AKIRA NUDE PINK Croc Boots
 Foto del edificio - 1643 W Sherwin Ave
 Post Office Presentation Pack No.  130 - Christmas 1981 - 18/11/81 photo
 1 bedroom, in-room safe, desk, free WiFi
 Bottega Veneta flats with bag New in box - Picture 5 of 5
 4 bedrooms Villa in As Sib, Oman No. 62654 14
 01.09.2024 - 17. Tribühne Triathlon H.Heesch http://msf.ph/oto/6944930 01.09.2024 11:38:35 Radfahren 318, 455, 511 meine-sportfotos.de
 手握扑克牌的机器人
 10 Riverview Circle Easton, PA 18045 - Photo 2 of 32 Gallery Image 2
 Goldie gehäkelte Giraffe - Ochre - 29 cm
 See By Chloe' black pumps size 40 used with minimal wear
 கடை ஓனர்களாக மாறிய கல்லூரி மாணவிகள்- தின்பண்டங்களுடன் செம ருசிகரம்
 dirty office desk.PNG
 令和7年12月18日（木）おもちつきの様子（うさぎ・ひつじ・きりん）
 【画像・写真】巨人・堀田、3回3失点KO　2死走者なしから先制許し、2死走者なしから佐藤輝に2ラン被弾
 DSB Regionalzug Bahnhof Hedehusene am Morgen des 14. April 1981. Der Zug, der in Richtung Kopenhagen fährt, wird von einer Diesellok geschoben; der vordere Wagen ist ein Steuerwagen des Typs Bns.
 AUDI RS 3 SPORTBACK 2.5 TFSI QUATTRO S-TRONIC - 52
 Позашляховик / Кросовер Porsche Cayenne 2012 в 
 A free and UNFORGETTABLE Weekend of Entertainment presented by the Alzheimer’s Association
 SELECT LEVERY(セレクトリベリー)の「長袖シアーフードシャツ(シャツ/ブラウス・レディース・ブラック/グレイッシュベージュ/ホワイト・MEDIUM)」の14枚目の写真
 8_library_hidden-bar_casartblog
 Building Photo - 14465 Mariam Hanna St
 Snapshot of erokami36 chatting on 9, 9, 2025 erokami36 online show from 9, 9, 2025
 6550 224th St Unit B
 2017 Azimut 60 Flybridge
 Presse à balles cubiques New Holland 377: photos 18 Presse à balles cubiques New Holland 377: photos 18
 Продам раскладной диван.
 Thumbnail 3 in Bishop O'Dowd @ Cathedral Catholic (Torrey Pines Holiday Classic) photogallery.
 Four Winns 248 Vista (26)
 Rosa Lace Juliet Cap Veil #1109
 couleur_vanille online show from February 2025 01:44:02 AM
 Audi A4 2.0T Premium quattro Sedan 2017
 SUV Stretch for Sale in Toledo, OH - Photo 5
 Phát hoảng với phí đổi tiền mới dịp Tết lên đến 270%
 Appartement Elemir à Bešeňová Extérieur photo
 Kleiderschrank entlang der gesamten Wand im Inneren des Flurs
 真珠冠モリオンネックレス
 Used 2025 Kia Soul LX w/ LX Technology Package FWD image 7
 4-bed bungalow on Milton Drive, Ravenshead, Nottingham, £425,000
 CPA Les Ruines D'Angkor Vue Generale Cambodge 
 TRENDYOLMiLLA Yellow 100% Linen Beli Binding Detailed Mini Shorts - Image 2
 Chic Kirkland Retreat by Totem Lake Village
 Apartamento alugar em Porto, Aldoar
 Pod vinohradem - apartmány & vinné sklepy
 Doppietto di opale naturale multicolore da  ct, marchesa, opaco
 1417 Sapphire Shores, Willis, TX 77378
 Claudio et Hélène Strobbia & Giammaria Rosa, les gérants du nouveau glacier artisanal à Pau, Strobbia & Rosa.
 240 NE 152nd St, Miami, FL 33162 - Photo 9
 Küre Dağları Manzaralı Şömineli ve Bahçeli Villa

════════

Please return all of the records exactly as they appear.

Solved problem:
AKIRA NUDE PINK Croc Boots
 Foto del edificio - 1643 W Sherwin Ave
 Post Office Presentation Pack No.  130 - Christmas 1981 - 18/11/81 photo
 1 bedroom, in-room safe, desk, free WiFi
 Bottega Veneta flats with bag New in box - Picture 5 of 5
 4 bedrooms Villa in As Sib, Oman No. 62654 14
 01.09.2024 - 17. Tribühne Triathlon H.Heesch http://msf.ph/oto/6944930 01.09.2024 11:38:35 Radfahren 318, 455, 511 meine-sportfotos.de
 手握扑克牌的机器人
 10 Riverview Circle Easton, PA 18045 - Photo 2 of 32 Gallery Image 2
 Goldie gehäkelte Giraffe - Ochre - 29 cm
 See By Chloe' black pumps size 40 used with minimal wear
 கடை ஓனர்களாக மாறிய கல்லூரி மாணவிகள்- தின்பண்டங்களுடன் செம ருசிகரம்
 dirty office desk.PNG
 令和7年12月18日（木）おもちつきの様子（うさぎ・ひつじ・きりん）
 【画像・写真】巨人・堀田、3回3失点KO　2死走者なしから先制許し、2死走者なしから佐藤輝に2ラン被弾
 DSB Regionalzug Bahnhof Hedehusene am Morgen des 14. April 1981. Der Zug, der in Richtung Kopenhagen fährt, wird von einer Diesellok geschoben; der vordere Wagen ist ein Steuerwagen des Typs Bns.
 AUDI RS 3 SPORTBACK 2.5 TFSI QUATTRO S-TRONIC - 52
 Позашляховик / Кросовер Porsche Cayenne 2012 в 
 A free and UNFORGETTABLE Weekend of Entertainment presented by the Alzheimer’s Association
 SELECT LEVERY(セレクトリベリー)の「長袖シアーフードシャツ(シャツ/ブラウス・レディース・ブラック/グレイッシュベージュ/ホワイト・MEDIUM)」の14枚目の写真
 8_library_hidden-bar_casartblog
 Building Photo - 14465 Mariam Hanna St
 Snapshot of erokami36 chatting on 9, 9, 2025 erokami36 online show from 9, 9, 2025
 6550 224th St Unit B
 2017 Azimut 60 Flybridge
 Presse à balles cubiques New Holland 377: photos 18 Presse à balles cubiques New Holland 377: photos 18
 Продам раскладной диван.
 Thumbnail 3 in Bishop O'Dowd @ Cathedral Catholic (Torrey Pines Holiday Classic) photogallery.
 Four Winns 248 Vista (26)
 Rosa Lace Juliet Cap Veil #1109
 couleur_vanille online show from February 2025 01:44:02 AM
 Audi A4 2.0T Premium quattro Sedan 2017
 SUV Stretch for Sale in Toledo, OH - Photo 5
 Phát hoảng với phí đổi tiền mới dịp Tết lên đến 270%
 Appartement Elemir à Bešeňová Extérieur photo
 Kleiderschrank entlang der gesamten Wand im Inneren des Flurs
 真珠冠モリオンネックレス
 Used 2025 Kia Soul LX w/ LX Technology Package FWD image 7
 4-bed bungalow on Milton Drive, Ravenshead, Nottingham, £425,000
 CPA Les Ruines D'Angkor Vue Generale Cambodge 
 TRENDYOLMiLLA Yellow 100% Linen Beli Binding Detailed Mini Shorts - Image 2
 Chic Kirkland Retreat by Totem Lake Village
 Apartamento alugar em Porto, Aldoar
 Pod vinohradem - apartmány & vinné sklepy
 Doppietto di opale naturale multicolore da  ct, marchesa, opaco
 1417 Sapphire Shores, Willis, TX 77378
 Claudio et Hélène Strobbia & Giammaria Rosa, les gérants du nouveau glacier artisanal à Pau, Strobbia & Rosa.
 240 NE 152nd St, Miami, FL 33162 - Photo 9
 Küre Dağları Manzaralı Şömineli ve Bahçeli Villa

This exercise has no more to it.